From: Ihor Radchenko
Subject: Re: Memory usage report
Date: Sat, 19 Sep 2020 22:34:28 +0800

>> top shows more than 200Mb memory increase.
>
> Which are explained by the statistics produced by GC.  IOW, you have
> many more live Lisp objects, which take up those megabytes.

I meant that 200Mb is Lisp objects, but top shows more then 200Mb
(around 300Mb). So, there is extra 100Mb coming from somewhere else.

> Since that's related to Org buffers, the best place to discuss this is
> on Org mailing lists.  Perhaps there are ways to make Org use less
> memory, but the expertise for that is there.
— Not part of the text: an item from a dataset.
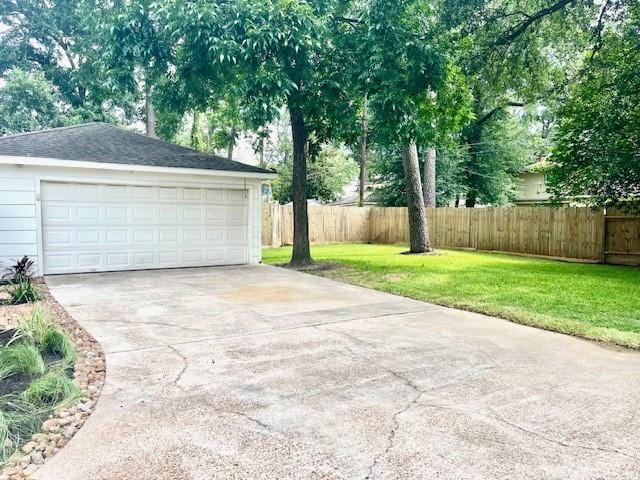 29019 Elmwood Dr, Shenandoah, TX 77381 - view of garage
The problem is how to identify where the memory usage is coming from.
Indeed, org is using overlays and text properties extensively. But how
much do those influence the memory usage? I am somewhat familiar with
org-mode codebase, but I have no idea how to debug memory usage issues
on practice. Total memory usage report provides little clue about what
should be changed.

> The "memory" profiler doesn't measure the usage of memory, it measures
> CPU usage triggered by memory allocation calls (instead of the
> periodic profiling signal).  So this profile is not supposed to be
> useful for profiling memory usage.

Thanks! I did not know that. Would it be possible to have a "real"
memory profiler showing how much the memory usage changed after-before
running separate functions? This could help debugging memory usage (i.e.
in org-mode).

Best,
Ihor

Eli Zaretskii <eliz@gnu.org> writes:

>> From: Ihor Radchenko <yantar92@gmail.com>
>> Cc: larsi@gnus.org, emacs-devel@gnu.org
>> Date: Sat, 19 Sep 2020 08:29:37 +0800
>> 
>> > Where do you see evidence for a significant memory in
>> > the heap?
>> 
>> top shows more than 200Mb memory increase.
>
> Which are explained by the statistics produced by GC.  IOW, you have
> many more live Lisp objects, which take up those megabytes.
>
>> While I would also like to answer this question, I also have large
>> fraction of lisp objects. As I mentioned in previous emails (sorry if I
>> was not clear), I would appreciate some way to understand why my **lisp
>> object** memory grew from 283Mb right after loading my org files to 1Gb
>> later.
>
> Since that's related to Org buffers, the best place to discuss this is
> on Org mailing lists.  Perhaps there are ways to make Org use less
> memory, but the expertise for that is there.
>
> Producing memory usage for buffer-local variables will AFAIU need
> support on the C level, so if someone wants to work on that, please
> do.  However, issues like this one are very infrequent in Emacs
> maintenance; most of the memory-related problems are not due to some
> package using up many Lisp objects.
>
>> I tried to use memory profiler to understand the memory usage, but the
>> memory profiler report appear to show peak memory usage (there tend to
>> be functions with many let-bindings). So, it seems not be to useful for
>> me (correct me if I am wrong).
>
> The "memory" profiler doesn't measure the usage of memory, it measures
> CPU usage triggered by memory allocation calls (instead of the
> periodic profiling signal).  So this profile is not supposed to be
> useful for profiling memory usage.